* REQUIRED WORK *
Pictures stay out of the answer, but every line of the material must be restated exactly.

++++++++++

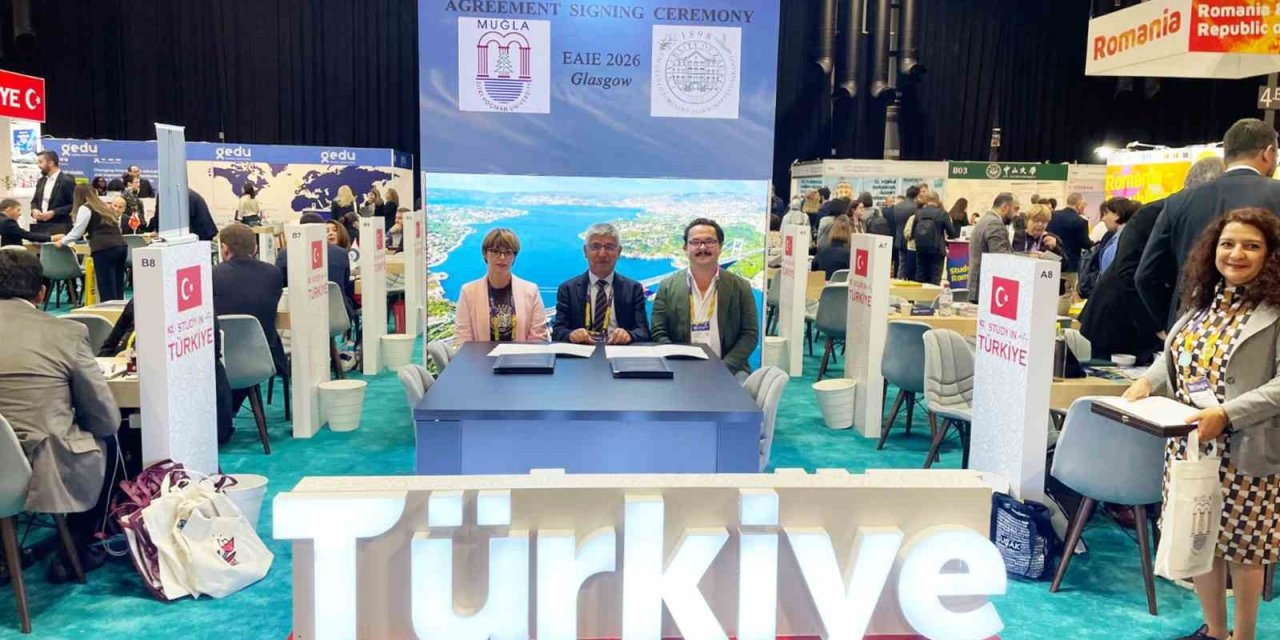 MSKÜ, EAIE Fuarı’nın ilk gününde uluslararası iş birliklerini genişletiyor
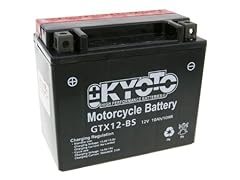 Batteria kyoto gtx12 usato  Spedito ovunque in Italia 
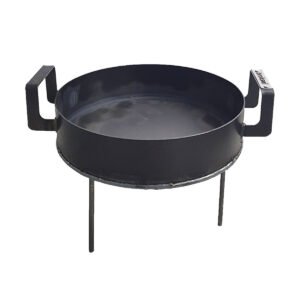 Disco Paellero Arado 30 cm Con Patas Brosen Parrilla Cocina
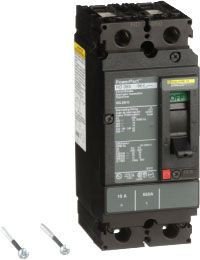 Square D HDL36035 Molded Case Breakers (MCCBs)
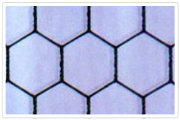 Hexagonal iron wire netting 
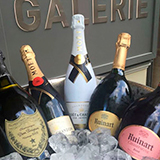 Champagner auf Eis in der Bar F37 | Moët  & Chandon Ice Impérial Lounge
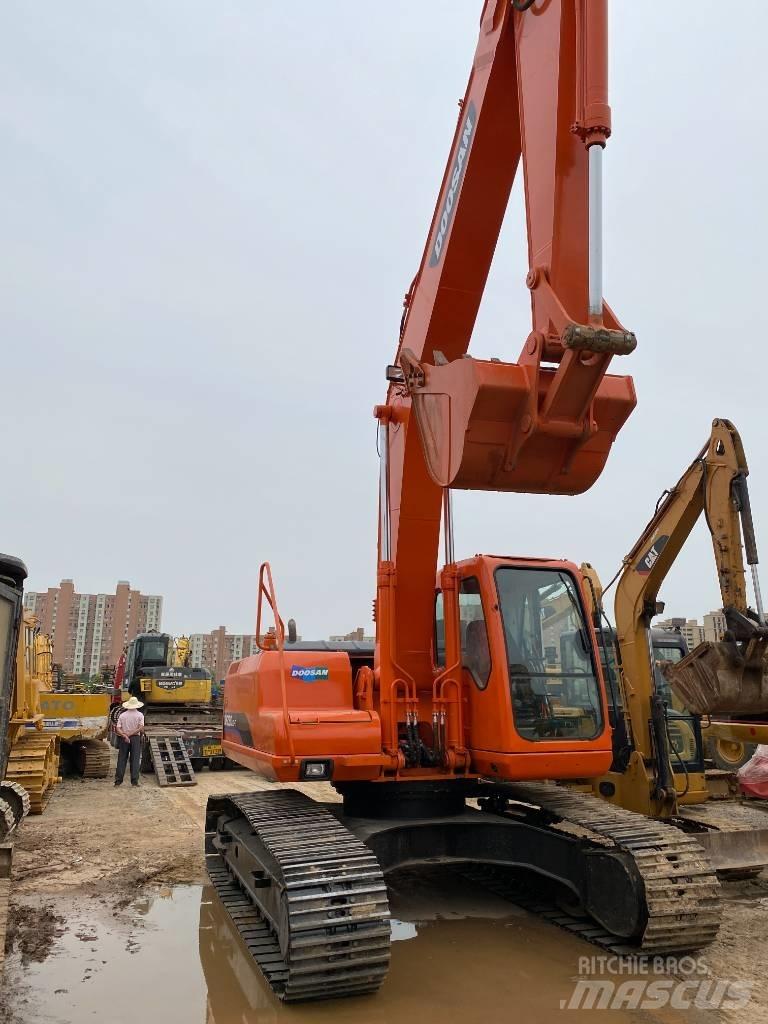 Doosan dh220lc-7 Raupenbagger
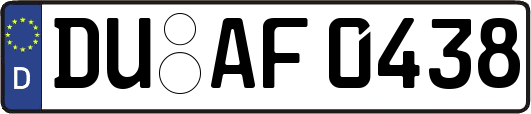DU-AF0438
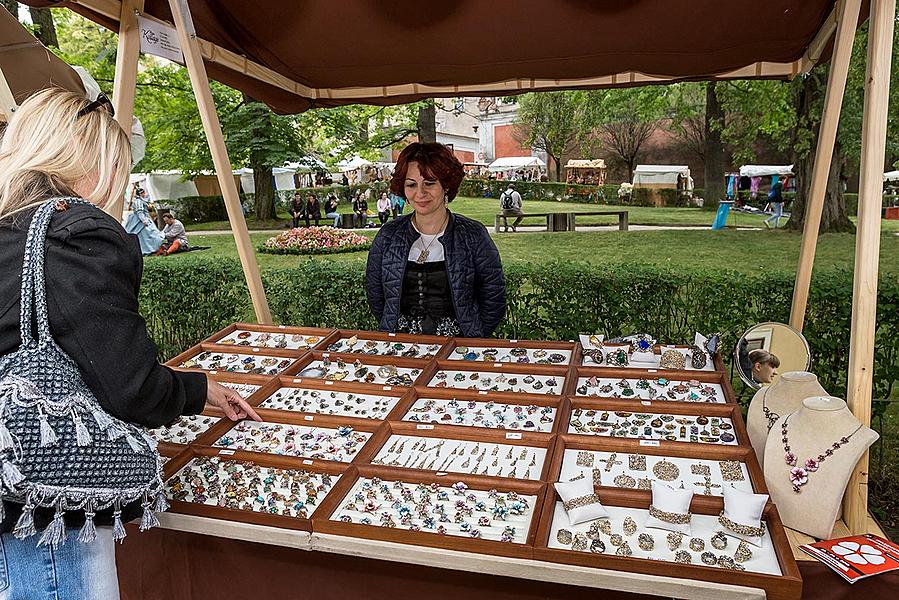 Fest der fünfblättrigen Rose ®, Český Krumlov, Sonntag 23. 6. 2018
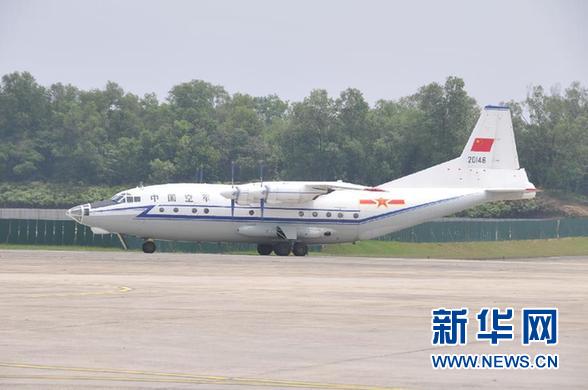 (搜尋馬航370航班·圖文互動(dòng))(4)中國空軍3架運(yùn)輸機(jī)抵達(dá)馬來西亞 將展開海外搜救行動(dòng)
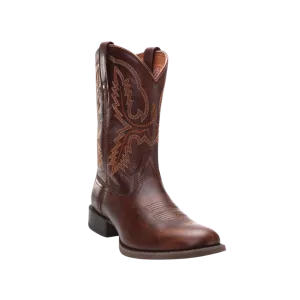 Ariat Men's Sport Stratten Cowboy Hillside Brown Boots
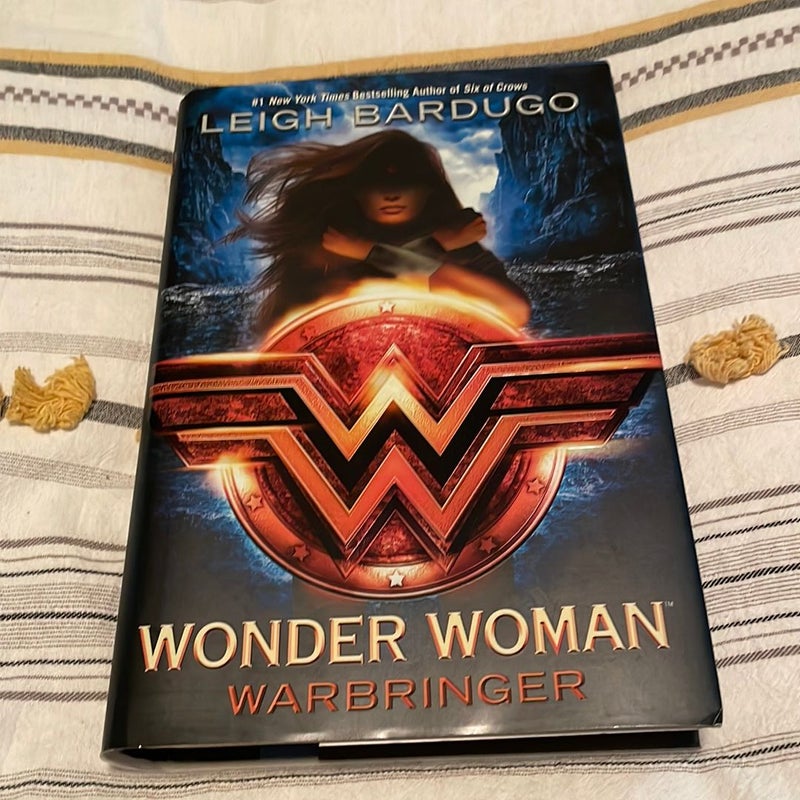 Wonder Woman: Warbringer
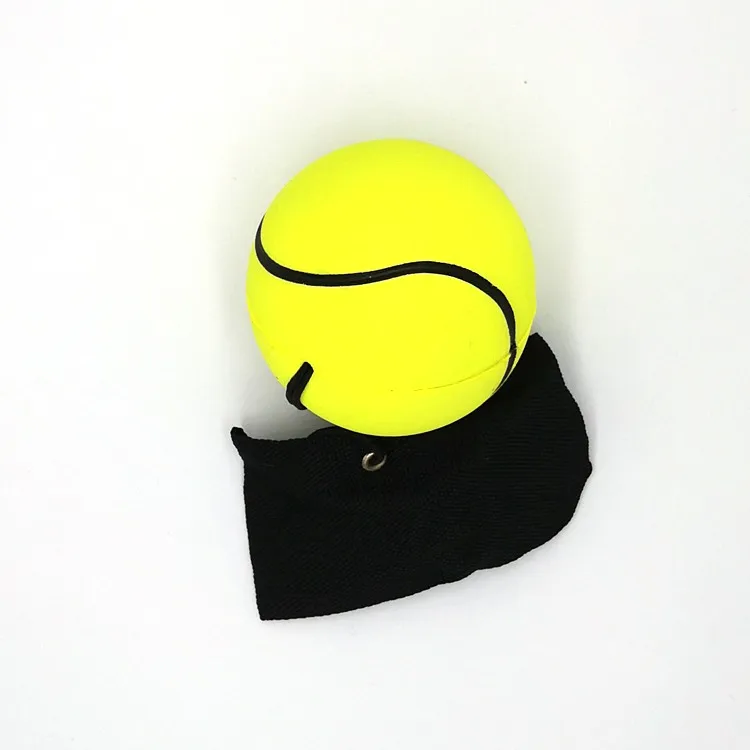 Wholesale Power Sponge Rubber High Bounce Ball Elastic String Sports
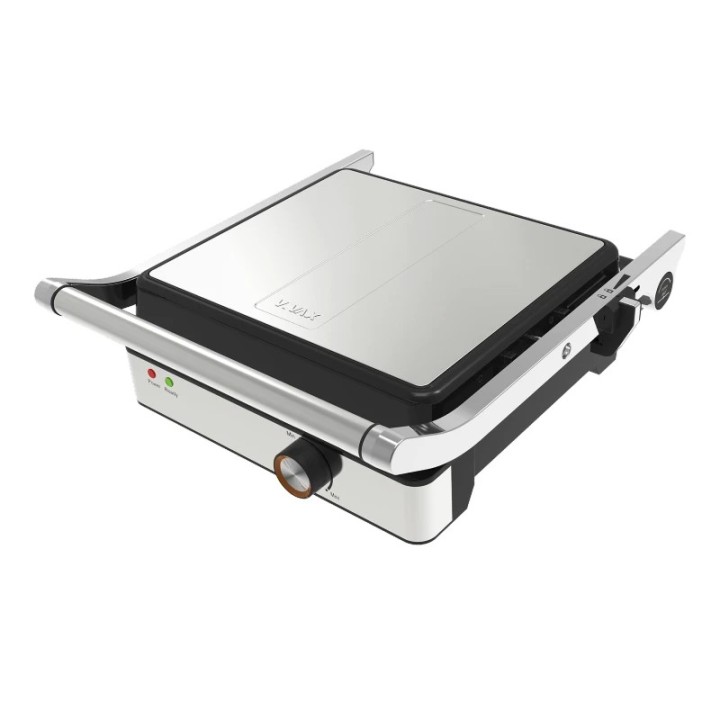 Vivax toster grill SM-2000X, 2000W, inox, 2u1 roštilj i toster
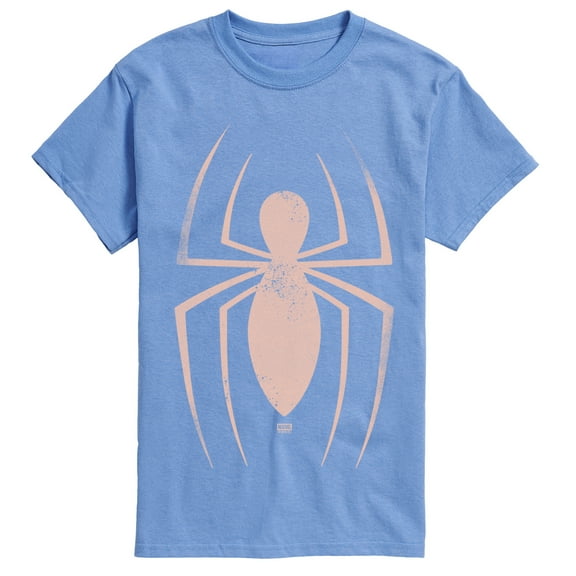 Marvel - Spider-Man Faded Logo - Men's Short Sleeve Graphic T-Shirt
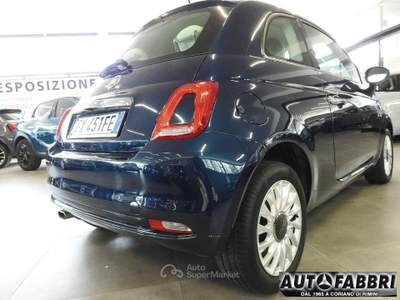 Fiat 500  1.2 Lounge Blu/Azzurro usata CORIANO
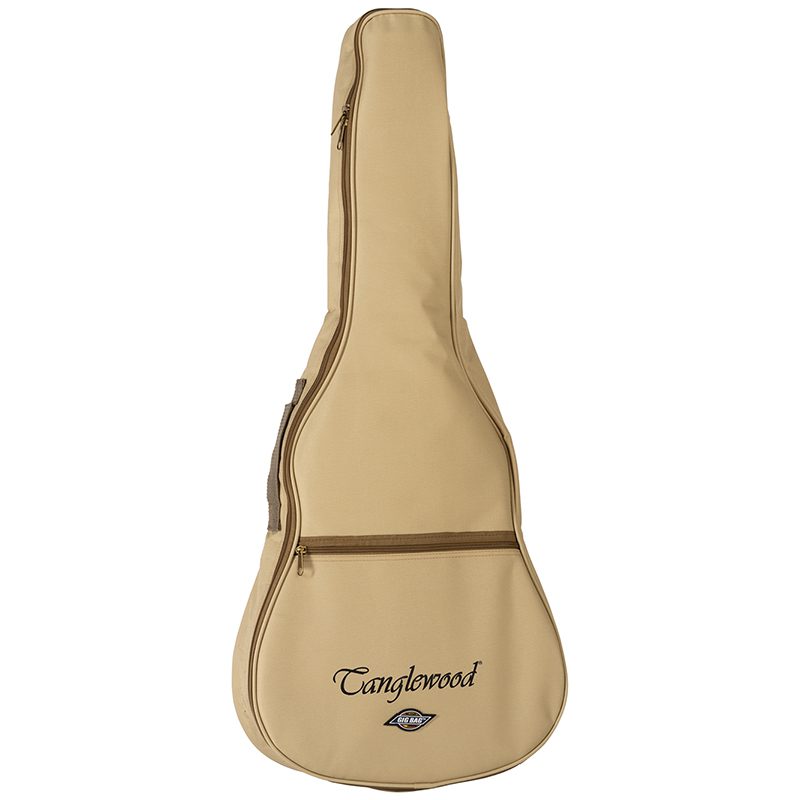 Tanglewood TRU2CEAW - Travel Size Electro Acoustic Guitar - Black Walnut - Image 3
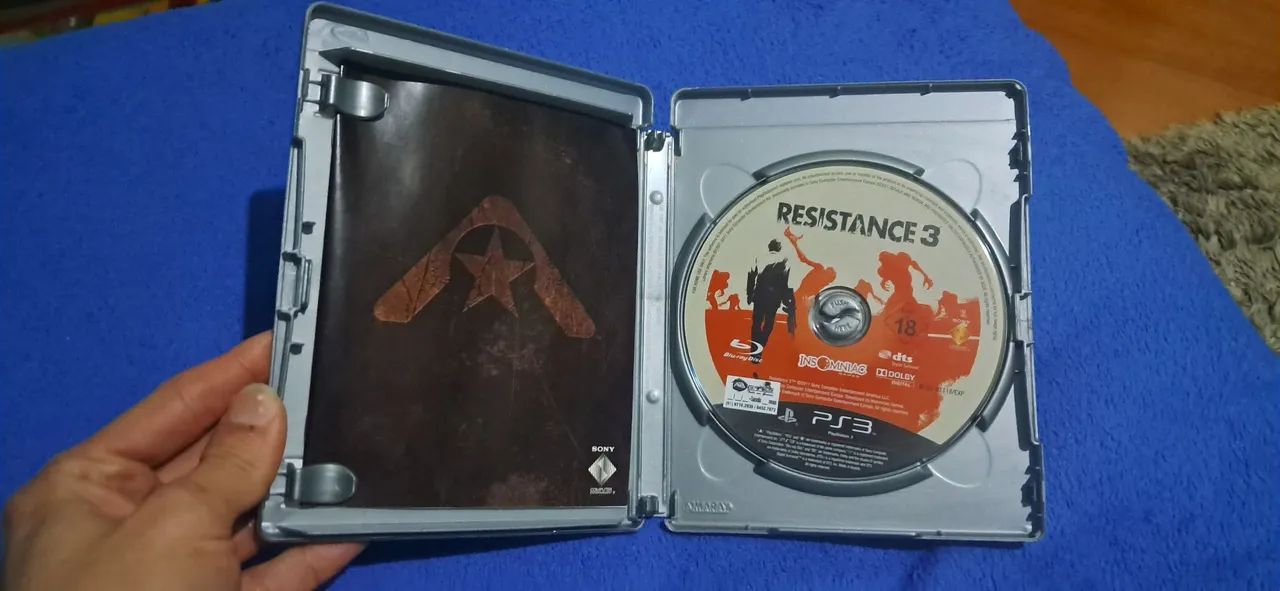 Resistance 3 PS3 CIB - Foto 3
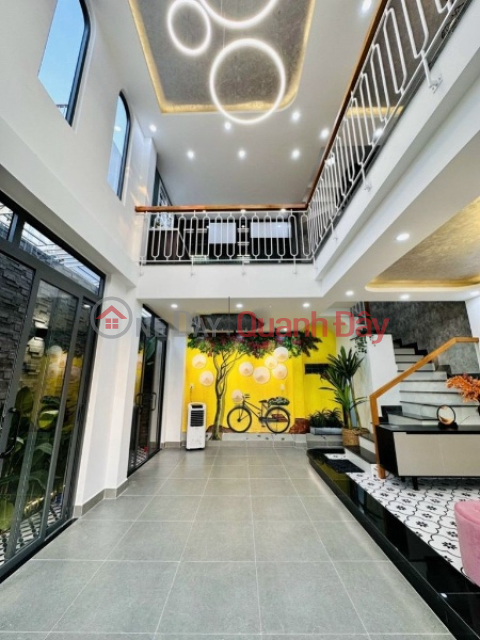 Selling 3-storey mezzanine house - An Hoi street - Go Vap street, 5.95 billion, full furniture _0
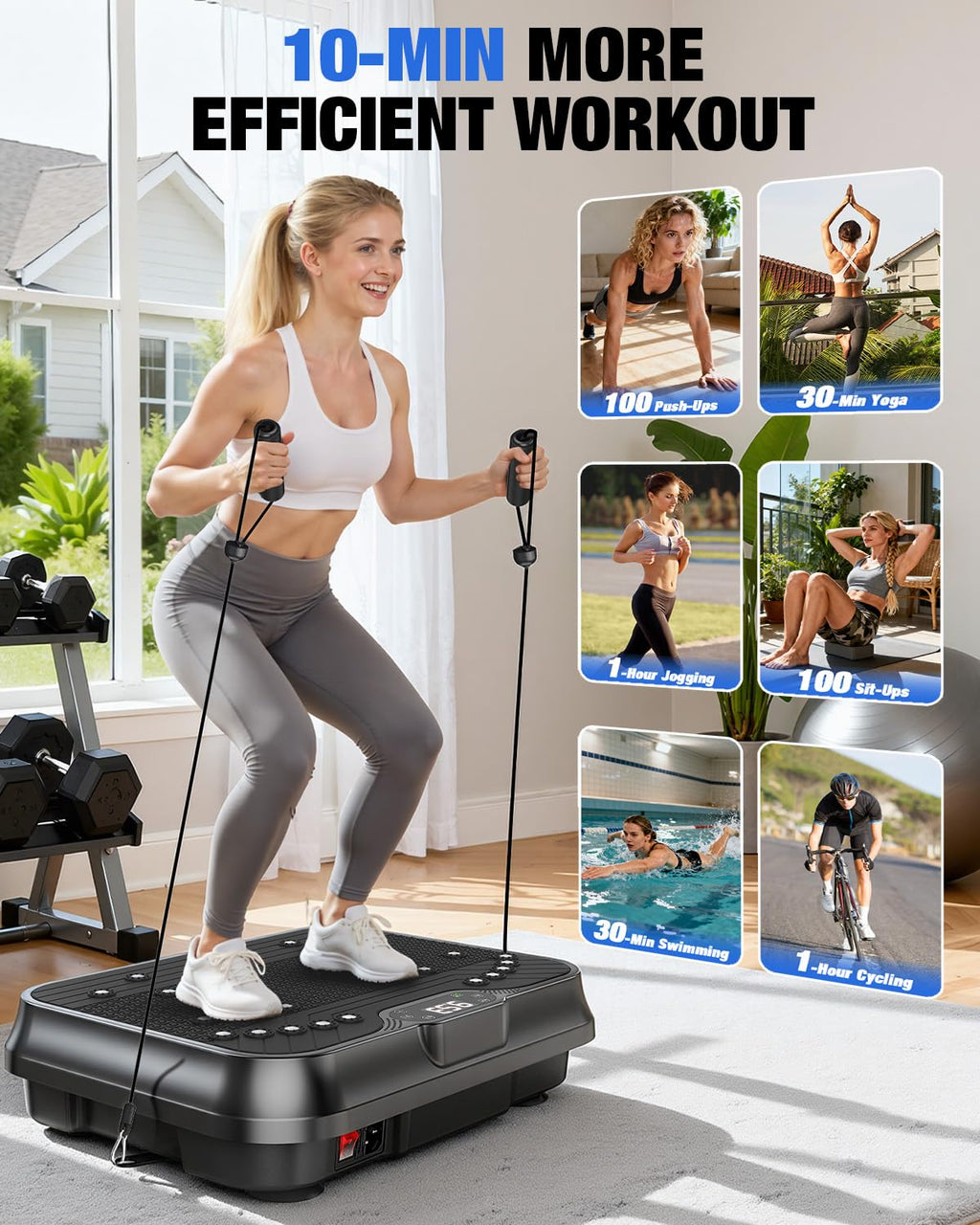 Vibration Plate Exercise Machine C2610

++++++++++

* SOLVED EXERCISE *
 MSKÜ, EAIE Fuarı’nın ilk gününde uluslararası iş birliklerini genişletiyor
 Batteria kyoto gtx12 usato  Spedito ovunque in Italia 
 Disco Paellero Arado 30 cm Con Patas Brosen Parrilla Cocina
 Square D HDL36035 Molded Case Breakers (MCCBs)
 Hexagonal iron wire netting 
 Champagner auf Eis in der Bar F37 | Moët  & Chandon Ice Impérial Lounge
 Doosan dh220lc-7 Raupenbagger
DU-AF0438
 Fest der fünfblättrigen Rose ®, Český Krumlov, Sonntag 23. 6. 2018
 (搜尋馬航370航班·圖文互動(dòng))(4)中國空軍3架運(yùn)輸機(jī)抵達(dá)馬來西亞 將展開海外搜救行動(dòng)
 Ariat Men's Sport Stratten Cowboy Hillside Brown Boots
 Wonder Woman: Warbringer
 Wholesale Power Sponge Rubber High Bounce Ball Elastic String Sports
 Vivax toster grill SM-2000X, 2000W, inox, 2u1 roštilj i toster
 Marvel - Spider-Man Faded Logo - Men's Short Sleeve Graphic T-Shirt
 Fiat 500  1.2 Lounge Blu/Azzurro usata CORIANO
 Tanglewood TRU2CEAW - Travel Size Electro Acoustic Guitar - Black Walnut - Image 3
 Resistance 3 PS3 CIB - Foto 3
 Selling 3-storey mezzanine house - An Hoi street - Go Vap street, 5.95 billion, full furniture _0
 Vibration Plate Exercise Machine C2610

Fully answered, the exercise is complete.